Amazingly, though, it also has a downside. As Michelangelo discovered in
painting his Last Judgement, "what do you do for an encore?" is a very
real problem. Success means that to fail in the next endeavour makes the long
fall to the bottom, from the lofty heights of that success all the more
traumatic. For some artists, just the fear of that precipitous fall means a dead
end to their careers. Even for artists who merely continue doing that which
brought them their initial success, the challenge is quite difficult. Especially
in art, the public tires of success after what is often a surprisingly short
time. The mark of greatness in a painter is continued success, often against all
odds. Claude Monet bears that mark of greatness.Monet's struggles with
poverty as he and others gave birth to Impressionism, then nurtured it to
maturity and acceptance, are legendary. However by the 1890s, he could bask in
the financial success and critical acclaim his tireless efforts had brought him.

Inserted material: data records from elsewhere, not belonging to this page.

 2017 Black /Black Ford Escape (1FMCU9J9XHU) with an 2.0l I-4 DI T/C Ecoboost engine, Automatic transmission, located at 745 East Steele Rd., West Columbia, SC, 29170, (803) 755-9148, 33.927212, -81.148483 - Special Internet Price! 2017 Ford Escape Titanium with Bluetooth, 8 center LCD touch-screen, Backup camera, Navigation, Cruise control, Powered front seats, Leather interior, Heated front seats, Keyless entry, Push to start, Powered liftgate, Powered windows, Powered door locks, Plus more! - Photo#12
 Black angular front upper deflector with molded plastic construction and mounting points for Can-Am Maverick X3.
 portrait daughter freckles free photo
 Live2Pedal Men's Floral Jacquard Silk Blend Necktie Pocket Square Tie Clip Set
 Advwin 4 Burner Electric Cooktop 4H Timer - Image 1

The only problem was, the Impressionist art movement, like the living things its
artists often painted, had begun to wither. One by one, Impressionist painters
moved on, quite often to even greater success. Monet, however, didn't. More than
any other artist, he considered Impressionism to be his, and with the creative
freedom that comes with financial success, he took personal possession of it,
perhaps because no one else seemed to want it. Stories abound of his loading a
carriage full of dozens of unfinished canvases, then journeying to a favourite
painting location to work on each one a few minutes when the light was just
right. Whether painting streams, trees, haystacks, or cathedrals, Monet seemed
out to systematically prove that Impressionism was not a worked-over mother lode
but a deep well from which the dedicated artist could forever draw forth a
refreshing wealth of incredible beauty. By the turn of the century, Monet
was 60 years old. Already he'd single-handedly extended the life of
Impressionism by an amazing ten years or more. But let's face it, even if you're
Claude Monet, there are only so many cathedrals and haystacks you can paint before
exhausting the subject matter. Comfortably ensconced in his country home a
Giverney, in what for most men would be their "declining years," he could have
rested on his laurels, though seldom is retirement an option for any painter so
long as he can see and still hold a paintbrush (both of which became
increasingly painful challenges as the years went by). Instead he picked up on a
thread that had always fascinated him in his art--water. First in his gardens,
he poured his financial resources into creating an aquatic paradise. Then he
poured his talent and waning energies into re-creating its subtle beauty on
canvas. Traditional shorelines disappeared as he peered deep into the water and
the plant life that floated upon it. His enormous canvases spread deep and wide
with luscious, cool, liquid colour, incredibly turned out to be his best work
ever. It was an encore to success even more successful than the success itself.